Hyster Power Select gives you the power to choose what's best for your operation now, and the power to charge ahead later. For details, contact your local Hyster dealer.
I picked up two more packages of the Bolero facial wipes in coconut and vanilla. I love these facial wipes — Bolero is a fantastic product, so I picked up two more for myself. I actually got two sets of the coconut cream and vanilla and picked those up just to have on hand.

---

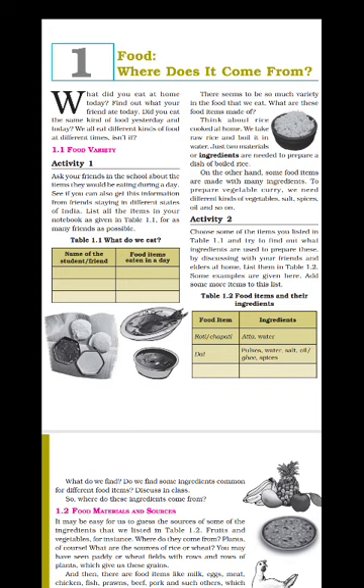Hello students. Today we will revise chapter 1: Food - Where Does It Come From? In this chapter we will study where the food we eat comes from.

---

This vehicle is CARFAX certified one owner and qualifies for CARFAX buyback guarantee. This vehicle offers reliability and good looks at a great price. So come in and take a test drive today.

- _Exercise description_
In the material above, locate the line containing "Hyster Power Select" and the line containing "I picked up two more packages". Transcribe exactly those two lines and every line between them, and nothing more.

- _Task response_
Hyster Power Select gives you the power to choose what's best for your operation now, and the power to charge ahead later. For details, contact your local Hyster dealer.
I picked up two more packages of the Bolero facial wipes in coconut and vanilla. I love these facial wipes — Bolero is a fantastic product, so I picked up two more for myself. I actually got two sets of the coconut cream and vanilla and picked those up just to have on hand.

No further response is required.